Havana is a 1990 American drama film starring Robert Redford, Lena Olin, and Alan Arkin, directed by Sydney Pollack with music by Dave Grusin. The film's plot concerns Jack Weil (Redford), an American professional gambler who decides to visit Havana, Cuba in 1958 on the eve of the Cuban Revolution.

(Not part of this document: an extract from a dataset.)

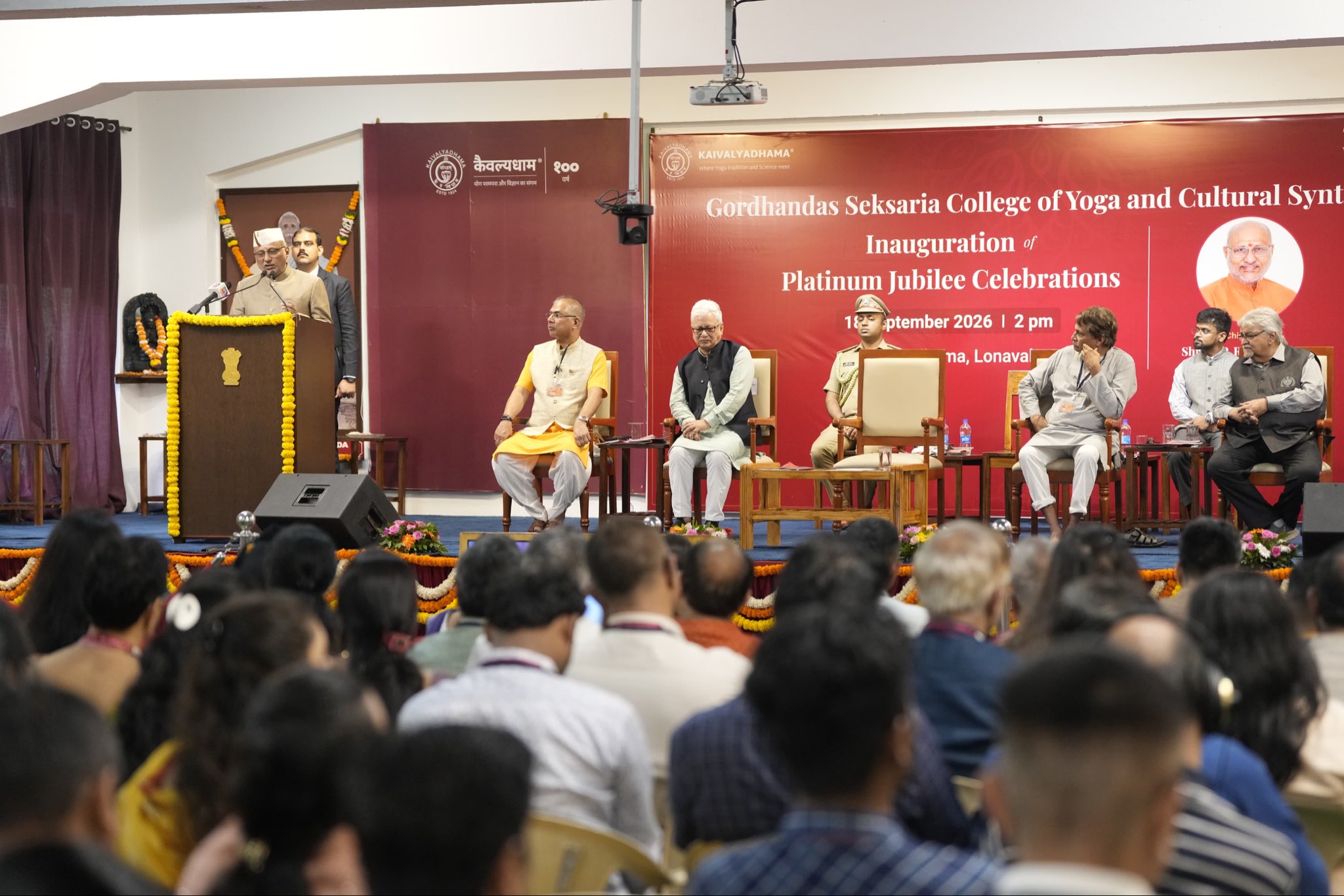 सच्ची प्रगति का अर्थ है आधुनिक प्रौद्योगिकी और विकास को अपनाना: उपराष्ट्रपति सी.पी. राधाकृष्णन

Most reviews were not positive, and the film suffered the first major box office deficit of Redford's career.

==Plot==
It is the eve of the Cuban Revolution's culmination. On Christmas Eve, 1958, aboard the boat from Miami to Havana, Roberta Duran enlists the aid of professional poker player Jack Weil in smuggling radios for the revolutionaries in the hills. Weil agrees only because he is romantically interested in her. When they rendezvous for the "payoff," Roberta reveals that she is married, dashing Weil's hopes. In Havana, Weil meets a Cuban journalist acquaintance and during a night on the town, they run into Roberta and her husband, Dr. Arturo Duran, a revolutionary leader. Duran asks Weil for further aid for the cause. Weil turns him down.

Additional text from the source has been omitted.